### Input data
*** Block opens ***

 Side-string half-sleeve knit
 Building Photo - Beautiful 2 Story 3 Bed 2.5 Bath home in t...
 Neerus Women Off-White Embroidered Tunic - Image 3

*** Block closes ***
*** Block opens ***

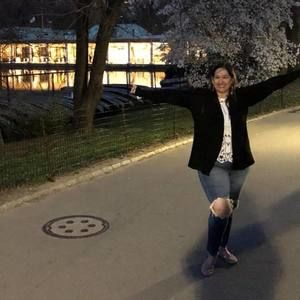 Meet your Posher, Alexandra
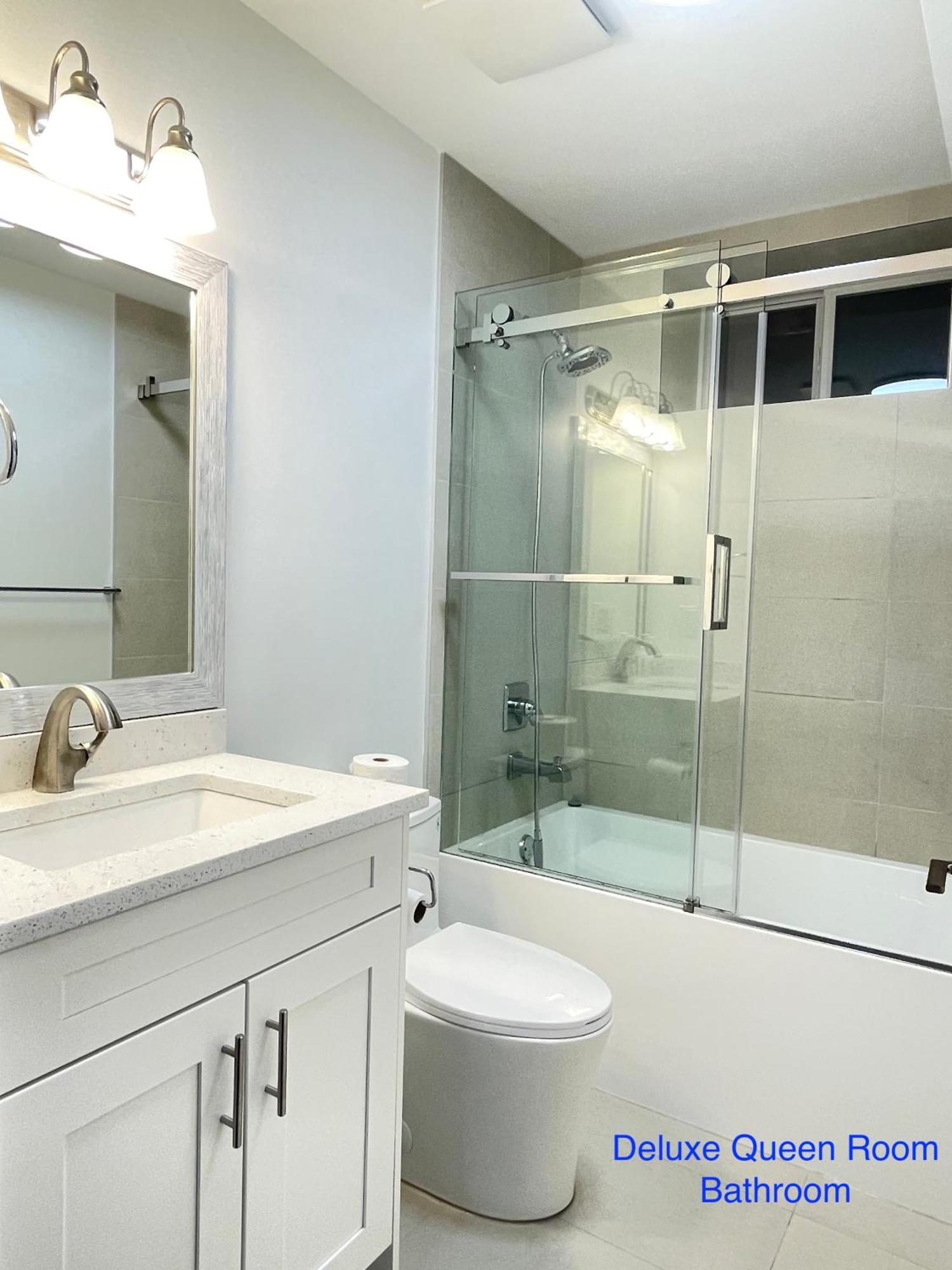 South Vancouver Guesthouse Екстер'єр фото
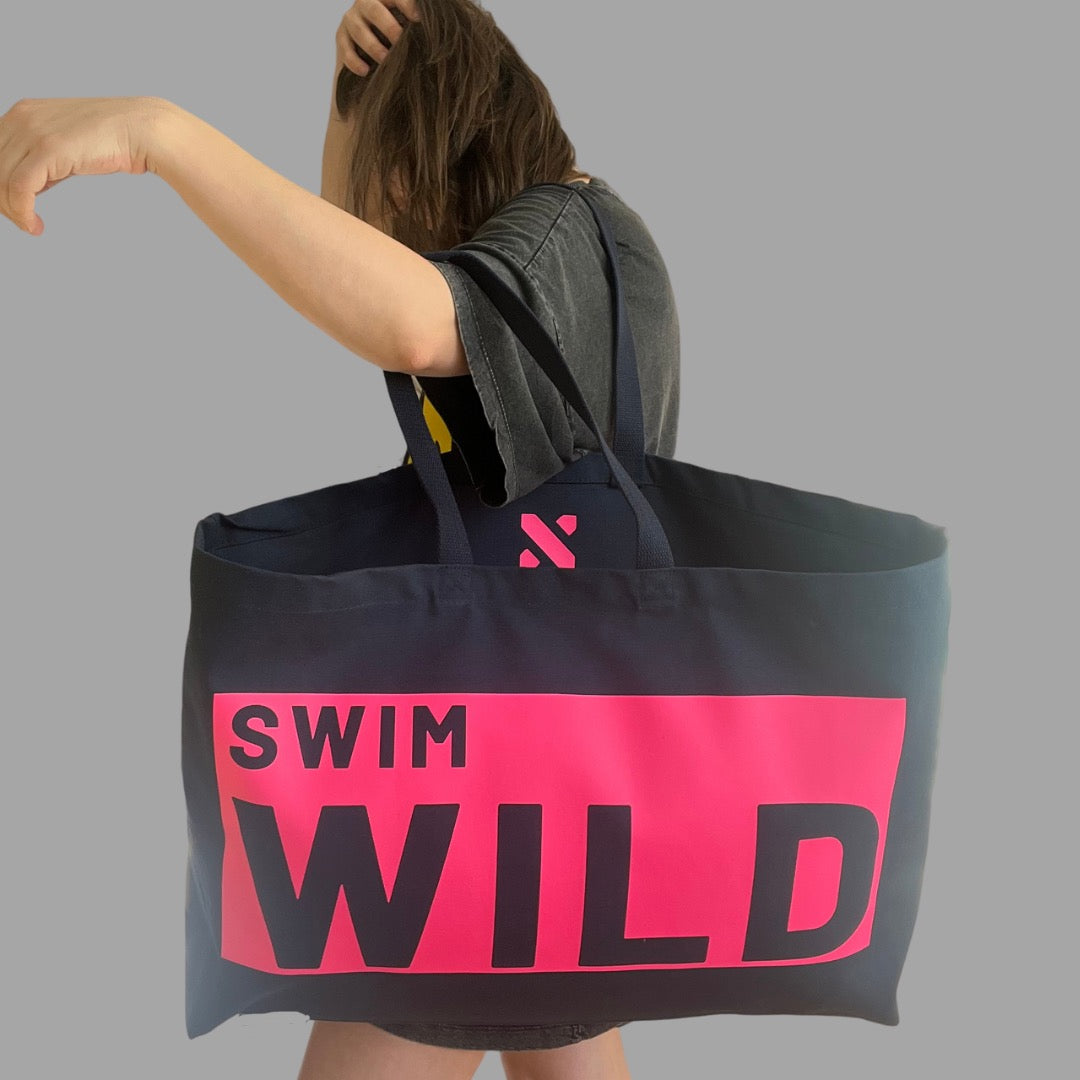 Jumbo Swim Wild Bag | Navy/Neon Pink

*** Block closes ***

The reply should hold exactly the lines above, starting at the line with "South Vancouver Guesthouse Екстер'єр фото" and ending at the line with "Jumbo Swim Wild Bag | Navy/Neon Pink", and no pictures.

### Response area
 South Vancouver Guesthouse Екстер'єр фото
 Jumbo Swim Wild Bag | Navy/Neon Pink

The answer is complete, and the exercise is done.